De houten mast heb ik vervangen door nieuw aluminiumprofiel en ik wil de zaak voorbereiden om de nieuwe zeilen op te laten meten. De oude zeilen zitten vol olievlekken en kunnen helaas niet meer schoongemaakt worden. Het is koud vies weer en ik ga het binnen even aangenaam maken, voor als ik me straks wil opwarmen. De vorige eigenaar heeft heel inventief een primusbrander omgebouwd tot scheepskacheltje. De hele bliksemse bende was door het zoute water geoxideerd, maar urenlang prutsen en polijsten heeft er toe geleid dat het kacheltje weer moet kunnen branden. Met een mooie messing plaat eromheen waarin het schip gegraveerd staat, is het kacheltje aan de wand van het voorpiekschot gehangen. Een roestvast stalen pijpje met kap voert de rookgassen vlak naast de mast naar buiten af.
‘Eerst het tankje op druk pompen en een beetje spiritus in het reservoirtje rond de brander gieten. Daarmee de brander verhitten en vervolgens de – onder hoge druk staande – petroleumkraan open draaien!’ mompel ik in mezelf als de gebruiksaanwijzing door mijn brein flitst.
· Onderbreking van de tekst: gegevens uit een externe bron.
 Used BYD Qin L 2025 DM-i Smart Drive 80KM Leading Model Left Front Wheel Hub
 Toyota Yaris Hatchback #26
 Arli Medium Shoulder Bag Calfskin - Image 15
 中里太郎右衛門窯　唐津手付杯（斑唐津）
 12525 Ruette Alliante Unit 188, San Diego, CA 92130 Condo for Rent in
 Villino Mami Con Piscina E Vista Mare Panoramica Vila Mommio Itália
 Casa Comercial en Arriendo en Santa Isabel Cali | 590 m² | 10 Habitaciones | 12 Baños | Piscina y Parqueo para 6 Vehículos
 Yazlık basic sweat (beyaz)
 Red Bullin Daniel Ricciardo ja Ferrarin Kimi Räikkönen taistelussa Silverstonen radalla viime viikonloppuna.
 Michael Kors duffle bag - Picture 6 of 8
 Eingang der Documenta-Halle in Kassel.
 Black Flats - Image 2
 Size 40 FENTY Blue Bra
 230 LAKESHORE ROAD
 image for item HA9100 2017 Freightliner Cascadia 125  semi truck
Terwijl de spiritus brandt, pomp ik het tankje op druk. De zaak begint nu te sissen omdat het kraantje blijkt te lekken. Dat is niet de bedoeling en met mijn koude vingers doe ik een poging om met een tangetje het kraantje stijver dicht te draaien. Shit… natuurlijk breekt het gammele ding af en het geheel begint nu verontrustend hard te sissen. Net als ik onder de kap wil kijken of de spiritus bijna is opgebrand, klinkt er een enorme knal. Een buiteling achterover is het gevolg en ik lig op de rug in de kajuit. Mijn oren suizen en het stinkt naar verbrand haar. Mijn haar wel te verstaan, want m’n wenkbrauwen en baard zijn gereduceerd tot enkele opgekrulde stoppels. Mijn blanke bleekschetengezicht is in een luttele seconde getransformeerd tot een geblakerde zwarte Piet. Dan hoor ik iets over het dek kinkelen. Vervolgens wordt er op het dek geklopt: ‘En… is alles oké daarbinnen?’ De oude werfbaas staat met een verontruste blik naast het schip en als ik mijn zwart geblakerde hoofd zonder baard en wenkbrauwen naar buiten steek, barst hij in lachen uit. Tussen zijn lachsalvo’s door vertelt hij me dat het schoorsteenkapje met een enorme steekvlam als een raket is afgeschoten en helemaal tot in de top van de mast is geweest. Nadat hij bedaard is, nodigt hij me uit voor een kop koffie om warm te worden bij zijn kachel op kantoor. Die doet het tenminste…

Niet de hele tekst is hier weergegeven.